*** Data
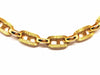 Collier Collier Maille marine Or jaune 58 Facettes 1680813CN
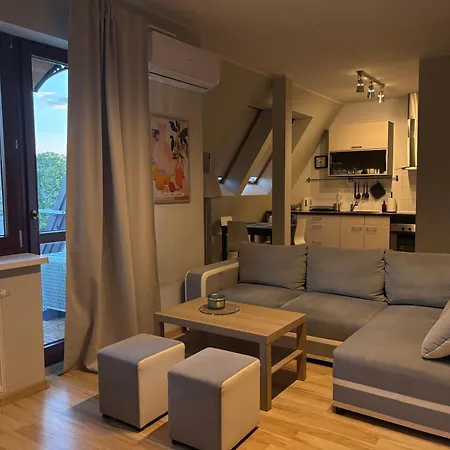 Appartamento Krolewiecka
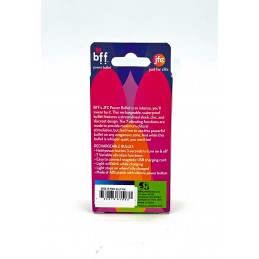 Jfc Rechargeable Power...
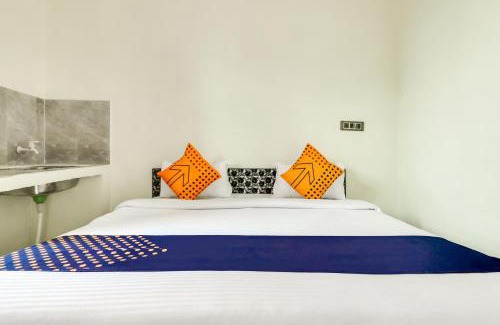 Rewari Hôtel | Hotel O Hotal Kesariya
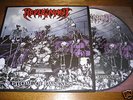 REPUGNANT - Epitome Of Darkness Picture Disc LP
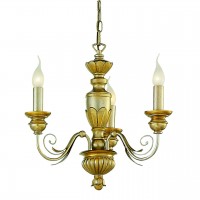  020815 DORA SP3 Подвесная люстра IDEAL LUX
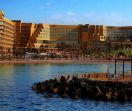 Hilton Hurghada Plaza Superior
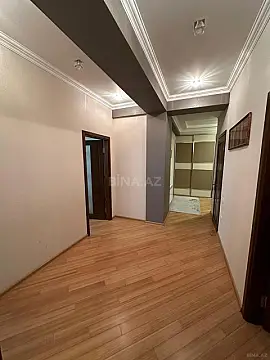 Satılır 3 otaqlı mənzil 102 m²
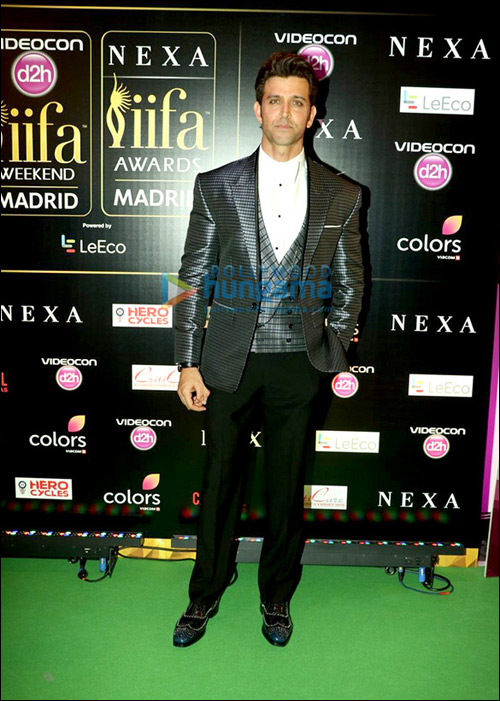 check out celebrities dazzle at the green carpet of iifa 2016 5 check out celebrities dazzle at the green carpet of iifa 2016 5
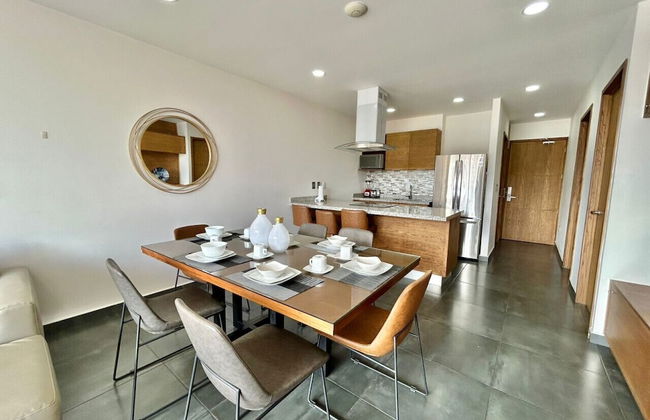 Boca de cielo Apartments - Foto 29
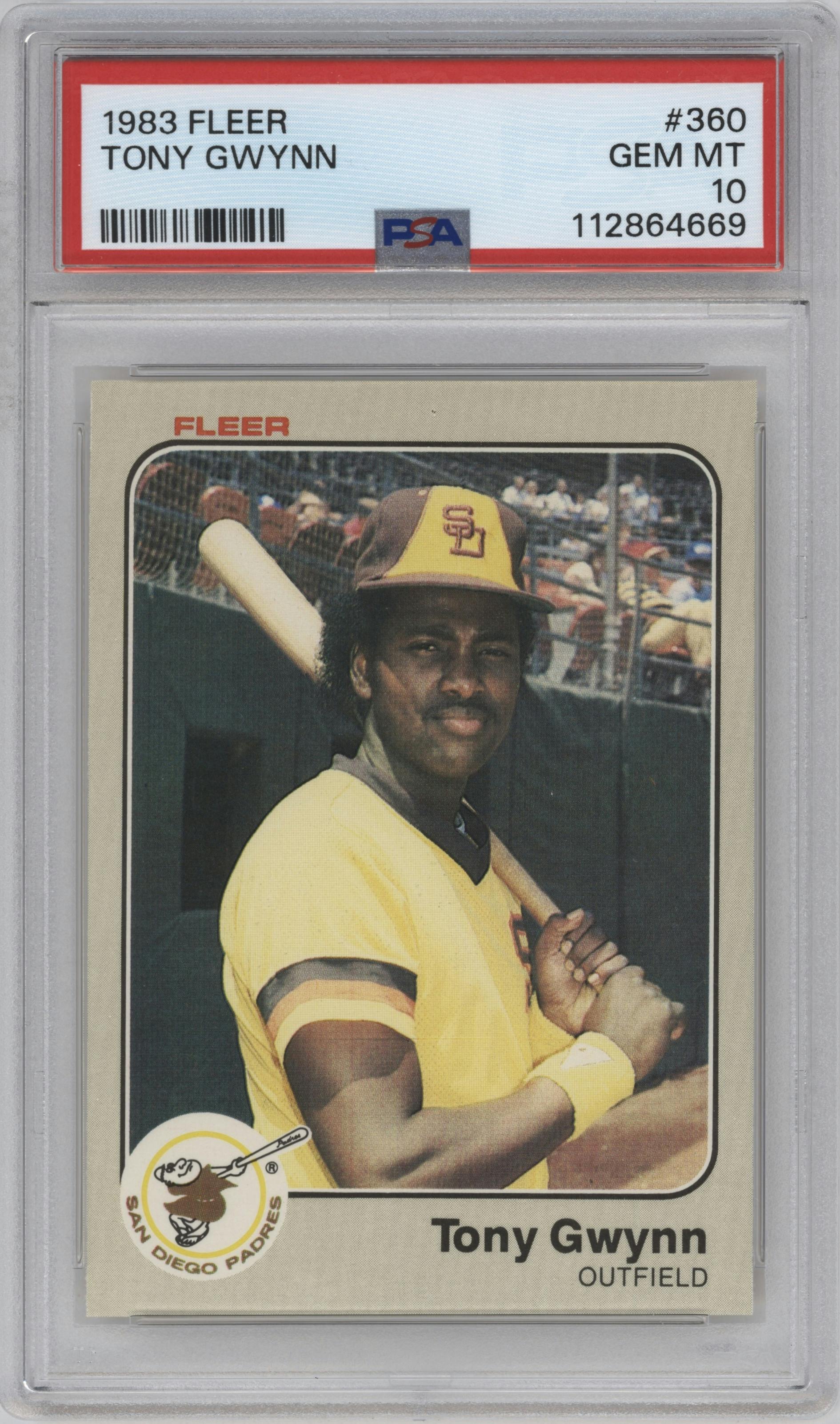 Tony Gwynn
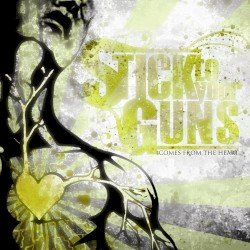 Comes From the Heart Cover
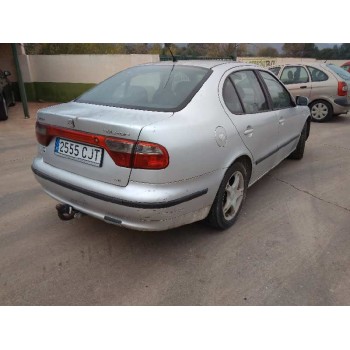 seat toledo (1m2) del año 2003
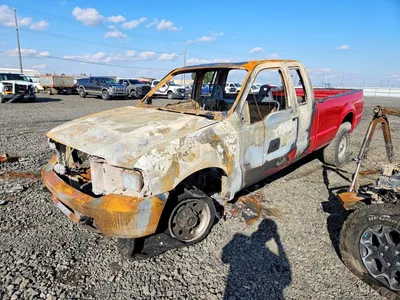 1999 FORD F250 SUPER DUTY, фото 1, лот 10980078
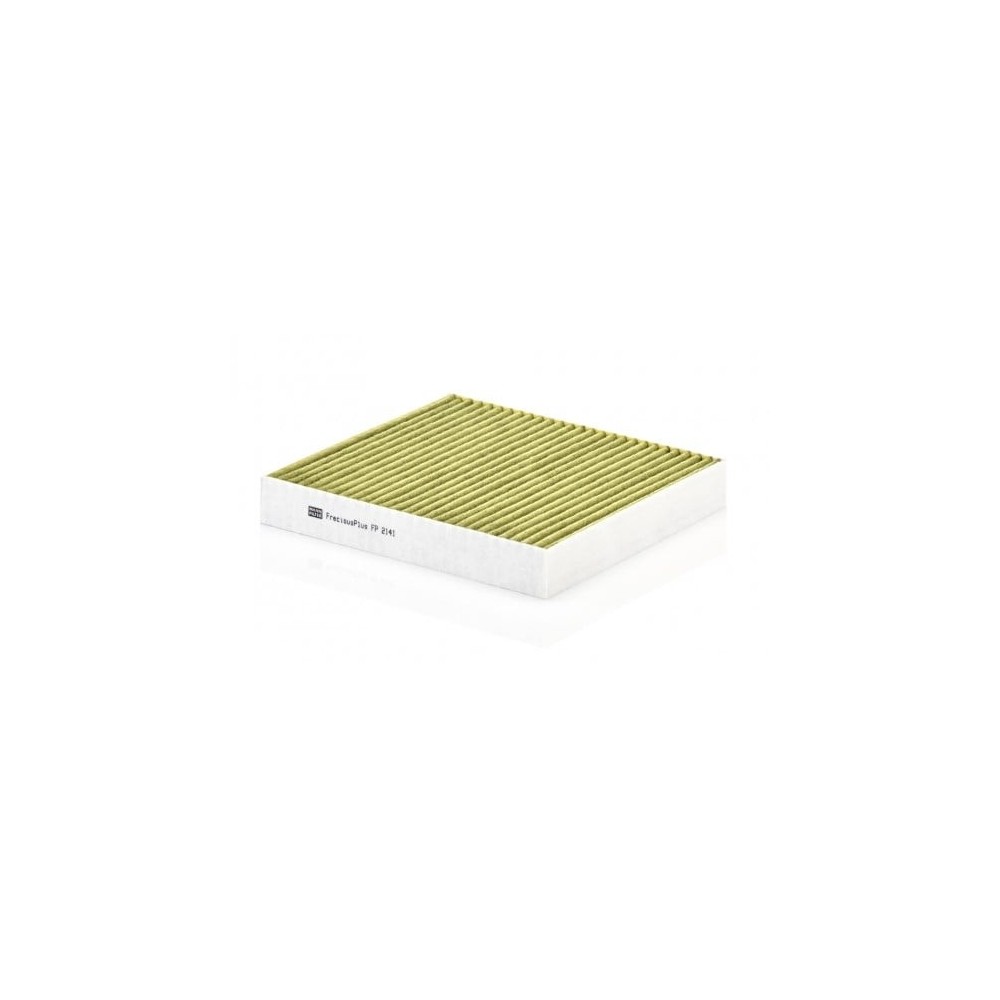 Salona filtrs MANN-FILTER FP 2141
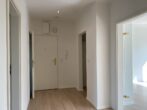 Single-Wohnung mit umlaufendem Balkon in ruhiger Lage von Schwachhausen - Flur
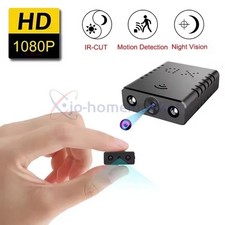 Mini Camera WiFi 1080P HD Home PIR DVR Camcorder Night Vision Home Security Cam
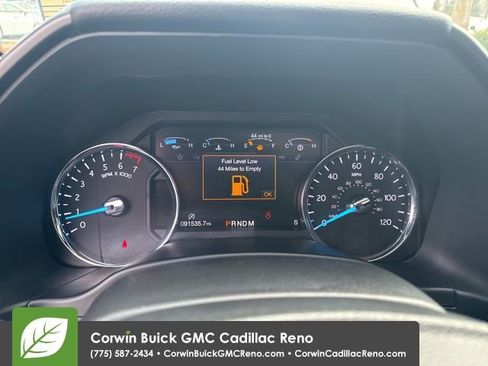 Used 2019 Ford Expedition Limited image 15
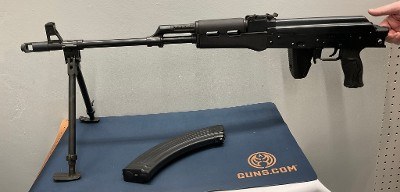 NORINCO NHM-91 7.62X39MM - Image 1 of 3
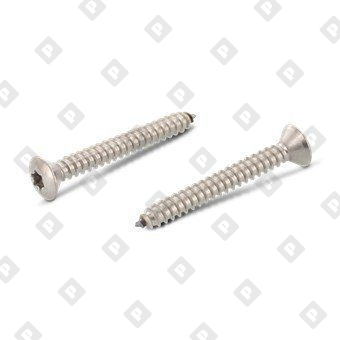 ISO 14587 A4 C 3,5X16 TX15 - №1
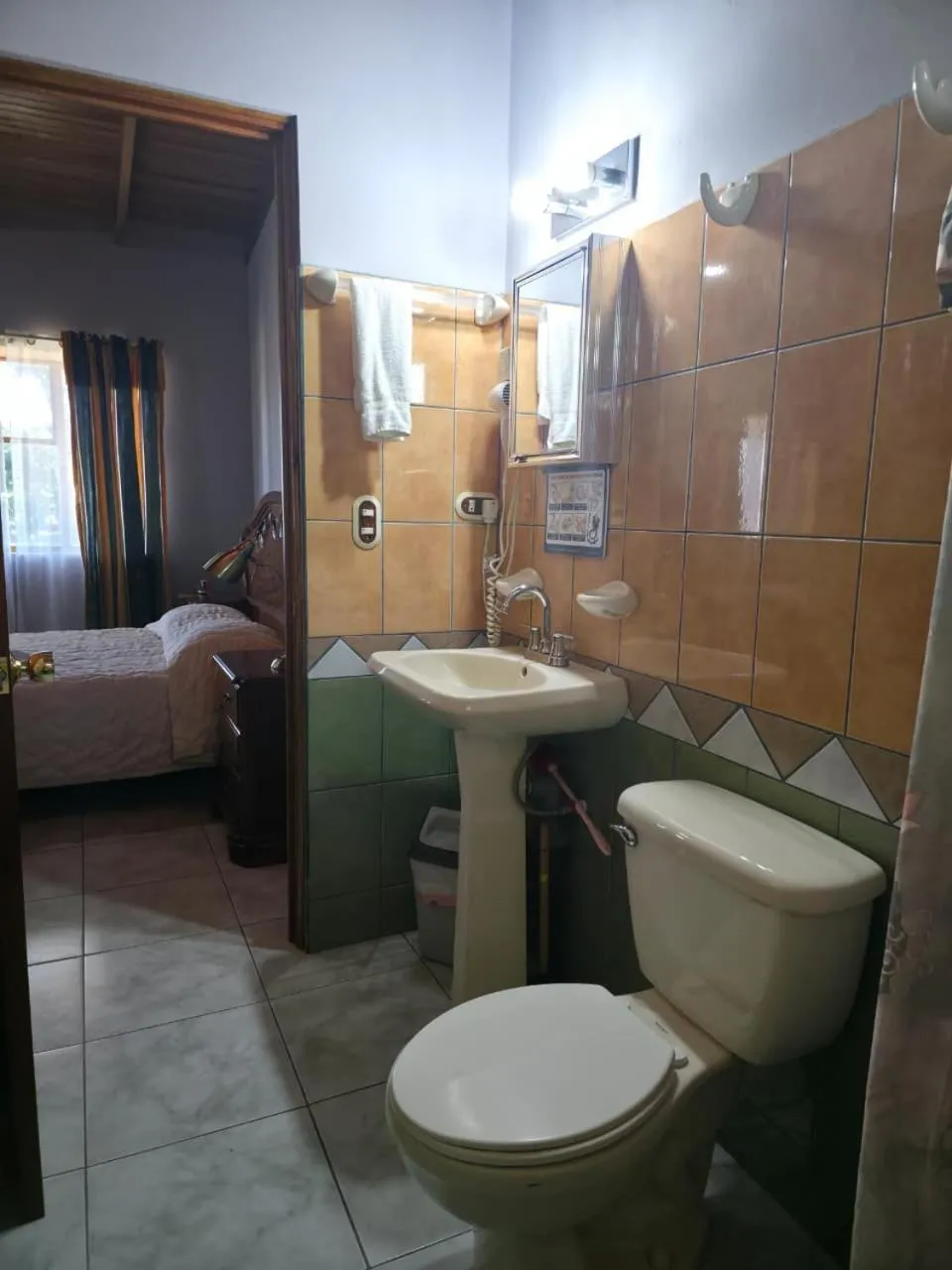 Hotel Las Orquideas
******
Problem: When you print the records above, keep them exact and leave out the pictures.

Response:
 Collier Collier Maille marine Or jaune 58 Facettes 1680813CN
 Appartamento Krolewiecka
 Jfc Rechargeable Power...
 Rewari Hôtel | Hotel O Hotal Kesariya
 REPUGNANT - Epitome Of Darkness Picture Disc LP
  020815 DORA SP3 Подвесная люстра IDEAL LUX
 Hilton Hurghada Plaza Superior
 Satılır 3 otaqlı mənzil 102 m²
 check out celebrities dazzle at the green carpet of iifa 2016 5 check out celebrities dazzle at the green carpet of iifa 2016 5
 Boca de cielo Apartments - Foto 29
 Tony Gwynn
 Comes From the Heart Cover
 seat toledo (1m2) del año 2003
 1999 FORD F250 SUPER DUTY, фото 1, лот 10980078
 Salona filtrs MANN-FILTER FP 2141
 Single-Wohnung mit umlaufendem Balkon in ruhiger Lage von Schwachhausen - Flur
 Mini Camera WiFi 1080P HD Home PIR DVR Camcorder Night Vision Home Security Cam
 Used 2019 Ford Expedition Limited image 15
 NORINCO NHM-91 7.62X39MM - Image 1 of 3
 ISO 14587 A4 C 3,5X16 TX15 - №1
 Hotel Las Orquideas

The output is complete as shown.